* [Work order]
Starting from the line that holds "2004 Mazda NB", output exactly each line through the end of the listing. Do not copy pictures.

* [Input data]
# # #

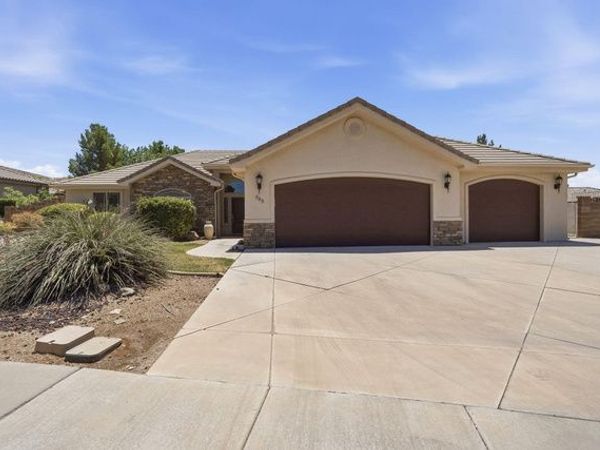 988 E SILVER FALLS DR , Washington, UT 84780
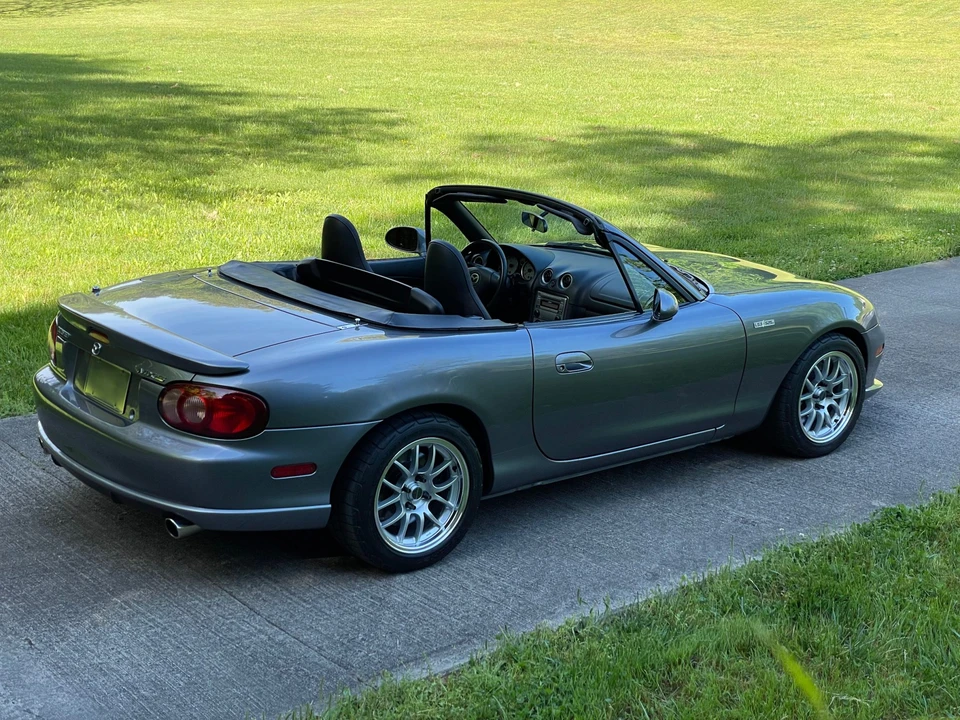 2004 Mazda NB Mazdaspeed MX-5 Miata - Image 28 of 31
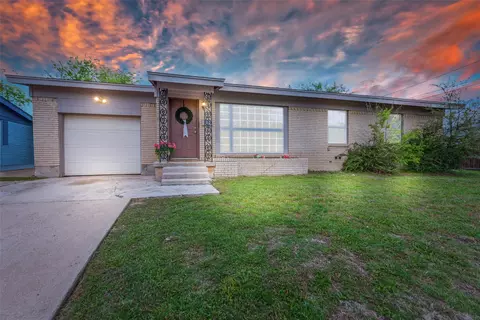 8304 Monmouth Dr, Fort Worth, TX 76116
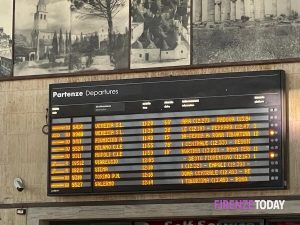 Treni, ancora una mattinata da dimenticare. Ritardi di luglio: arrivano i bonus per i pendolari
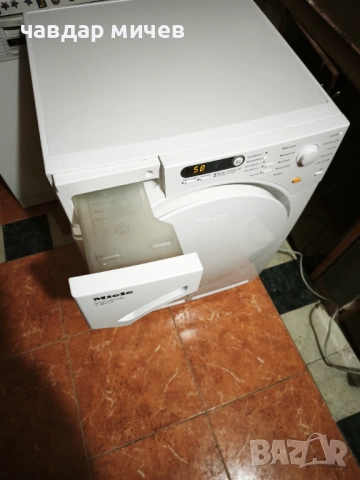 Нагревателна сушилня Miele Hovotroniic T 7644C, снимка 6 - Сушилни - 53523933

# # #

* [Answer box]
 2004 Mazda NB Mazdaspeed MX-5 Miata - Image 28 of 31
 8304 Monmouth Dr, Fort Worth, TX 76116
 Treni, ancora una mattinata da dimenticare. Ritardi di luglio: arrivano i bonus per i pendolari
 Нагревателна сушилня Miele Hovotroniic T 7644C, снимка 6 - Сушилни - 53523933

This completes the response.